Today, the Young Israel, a handsome red-brick building, sits on a freestanding lot at the end of a quiet street, lined with single-family brick ranch homes averaging 3,000 to 4,000 square feet, plus a swimming pool, at an average price of just $200,000. A few blocks away, but still within the community eruv, prices for a three-bedroom house can run as low as $150,000.
The construction of the eruv is a unique story in and of itself. I heard it from Dr. Zev Munk, a longstanding community member and CEO of Pharm-Olam, which provides clinical research services to the pharmaceutical, biotechnology and medical device community. He says that when the need for an eruv became pressing some twenty years ago, the process of obtaining the necessary approvals and easements from the local utility companies appeared to be daunting. Rather than give up, the community decided to take matters into its own hands.
“We finally said, ‘Let’s just do it.’ And under the initiative of Etan Mirwis, one of our chashuve askanim, it was up in a matter of days,” says Dr. Munk, as we chatted over glatt kosher Mediterranean cuisine at Suzie’s Grill.
“You established facts on the ground, just like in the Middle East?” I suggested.
“It was a good lesson in life,” said Dr. Munk. “Sometimes if you look at a situation too analytically, you can talk yourself out of doing it, but if you jump into the Yam Suf first, things have a way of working out.”
Houston may not be near the Yam Suf, but its proximity to Galveston Bay and the Gulf of Mexico has made it one of America’s leading ports. Houston is America’s fourth-largest city, and it may leap ahead of Chicago into the number three position after this year’s census. Sprawled over 600 square miles, Houston covers twice the area of New York City, but with just one-fourth of New York’s population.
Houston’s frum neighborhood is much less expensive than the most in-demand neighborhoods in the center of town near the medical center, but is only twenty minutes away from the center by car. As America’s second-largest state, land for housing is readily available, so Texas never experienced the housing shortages and subsequent bubble conditions that drove prices sharply higher — then sharply lower — as were seen in other parts of the nation.
The Orthodox neighborhood is downright tranquil. The quiet, and the less hectic pace, are maybe the only things that give Houston a Southern feel, because other than geographic location, it has precious little taste of the South.
At 7 a.m., unless one of your neighbors is rushing to the second minyan, or to work (Houston’s standard workday starts at 8 a.m.), you won’t see anything in the street other than your shadow. I didn’t even see my own shadow during my brief stay, as the skies were uncharacteristically overcast. Quite a few people repeated to me the quip about the local weather, that Houston has ten months of summer, and then there’s July and August.
Homeowners can use their swimming pools most months out of the year, although this winter’s frosts turned the normally lush green lawns into a beige and brown tangle of dead grass. There was one brief period of sunshine, on Shabbos morning, when I overheard a policeman — another friendly one — posted outside the Young Israel, wishing one of the congregants well by saying, “I think this sunshine is all because of you.”
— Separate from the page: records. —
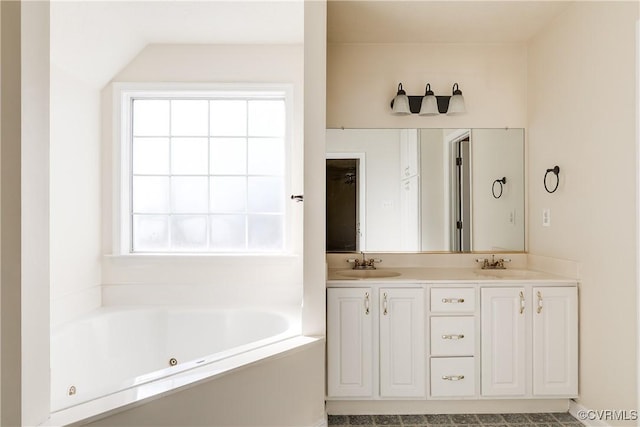 bathroom featuring a healthy amount of sunlight, a sink, a whirlpool tub, and double vanity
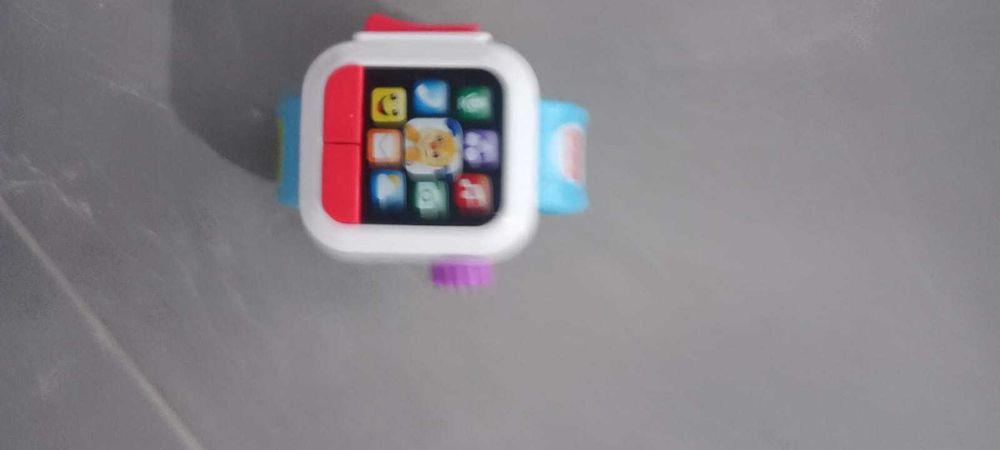 Zabawka zegarek Fisher Price grający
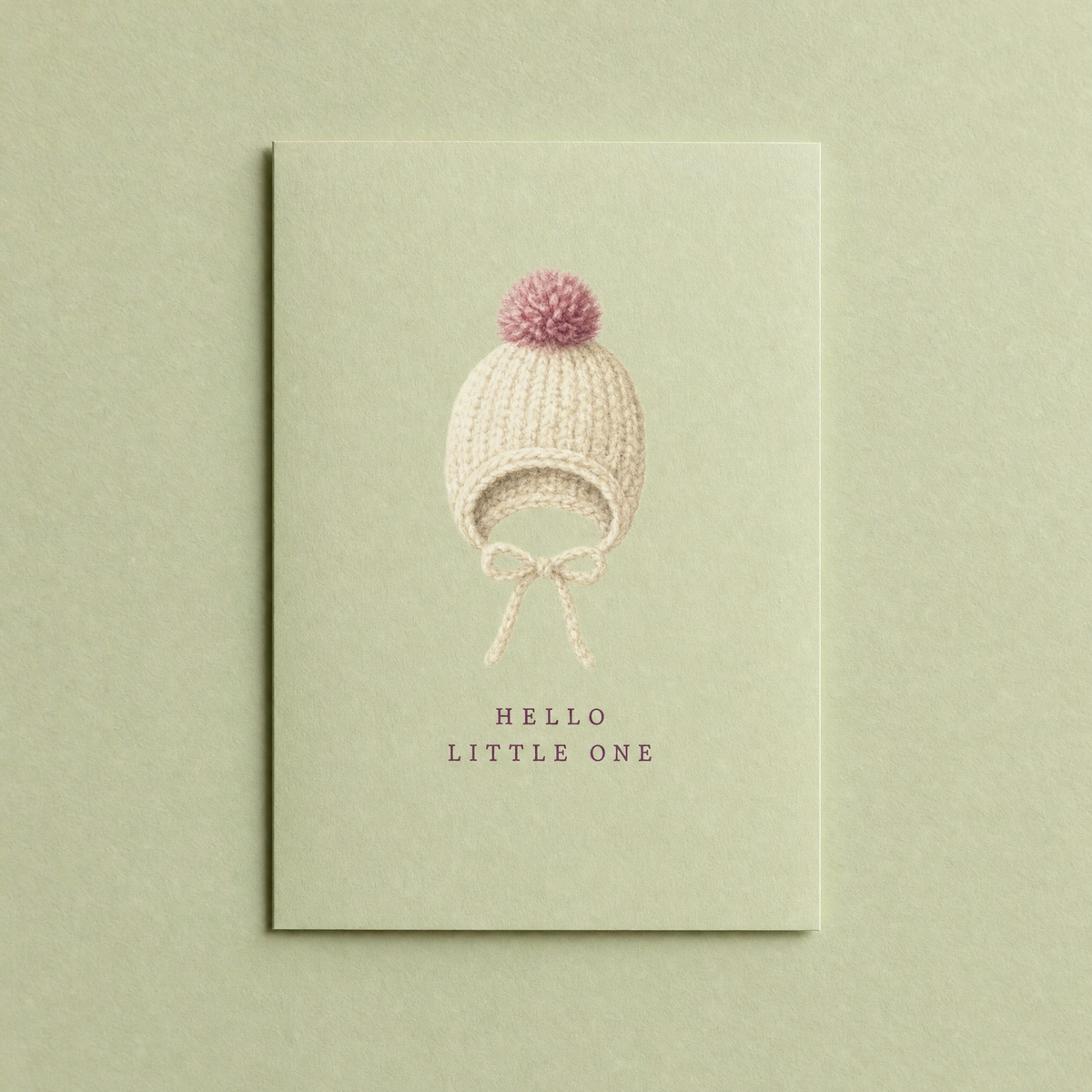 Hello Little One card: a knitted cream bonnet with a dusty rose pompom painted on a pale sage A6 card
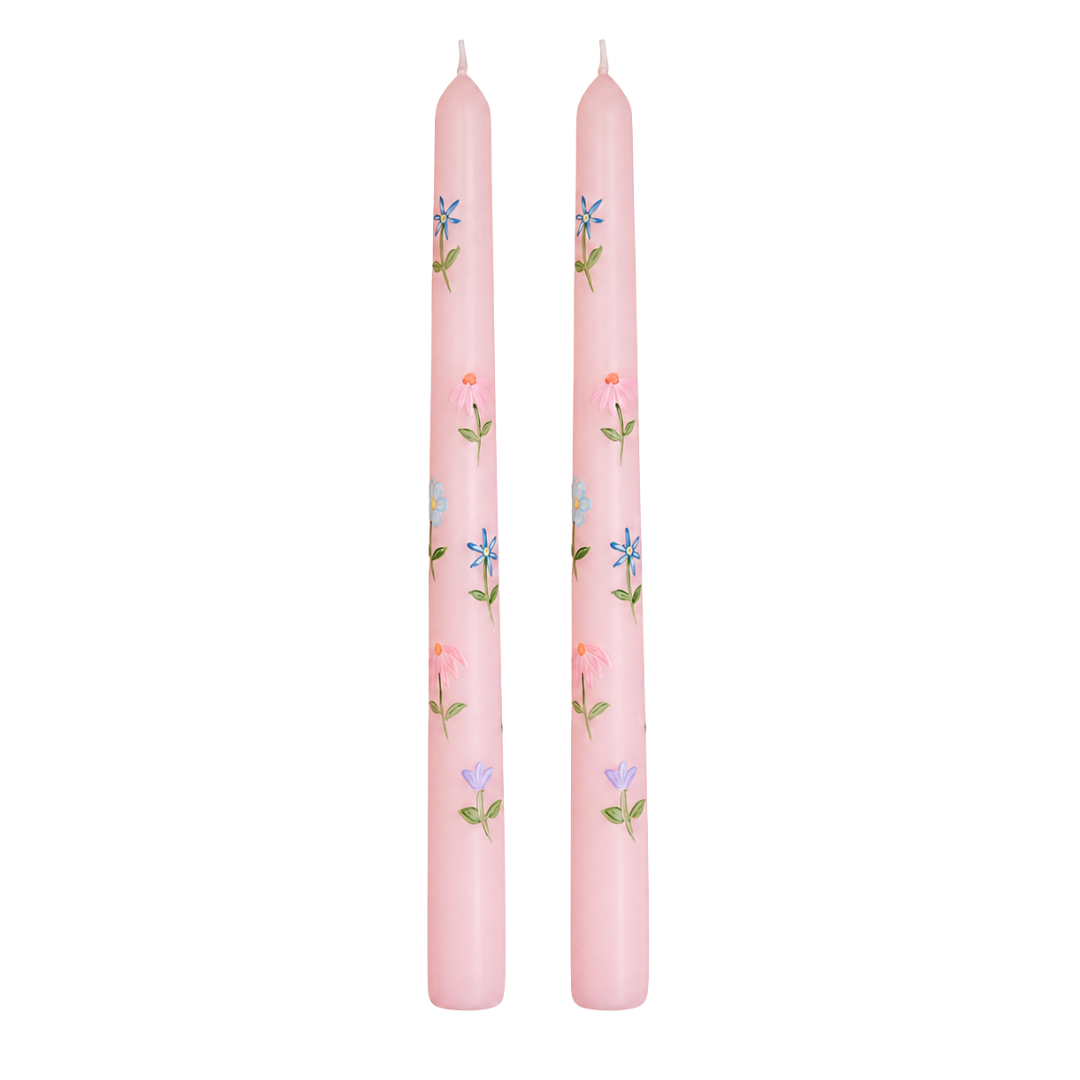 Two pink candles with floral patterns on a white background
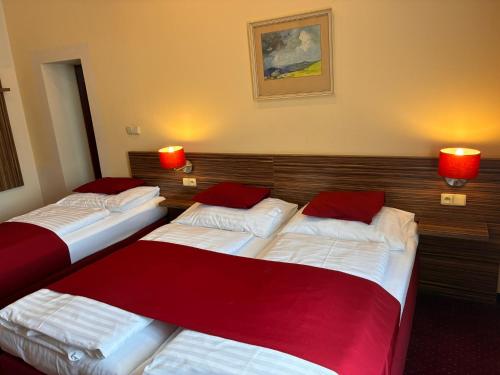 two beds in a hotel room with red lamps at Hotel Continental in Plzeň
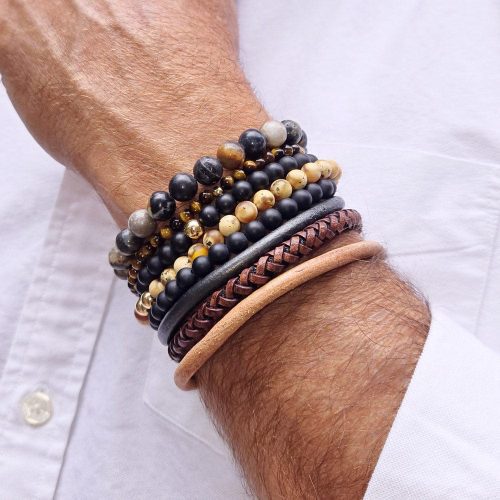 2 men s black onyx beaded bracelets stacked w 2 tiger s eye beaded bracelets w 14k gold beads w agate bead bracelet and 3 leather bracelets white shirt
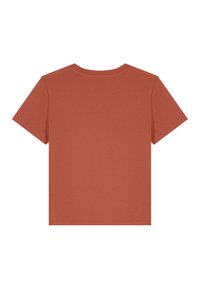 T-shirt à manches courtes et col rond de couleur terracotta. Tissu doux au toucher lisse, avec un dos uni et un ourlet droit.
The quiet contributed to the community’s Shabbos atmosphere. A park, which is part of the community center right next door to the shul, was full of frum families and their children as I returned to shul for Minchah.
Perhaps because much of Houston Jewry is not home-grown — having come from Lakewood, Flatbush, Passaic, and even Duluth, Minnesota, and Superior, Wisconsin — there is no stereotype of a Texas Jew. The black hats outnumbered the ten-gallon hats by about fifty to one.
Rabbi Lazer Lazaroff shared some of his memories with me about rural Texas of the “old days.” He remembers riding with his father once a week to a dairy farm north of Houston with a five-gallon metal can to milk his own cow, so the family could have chalav Yisrael milk.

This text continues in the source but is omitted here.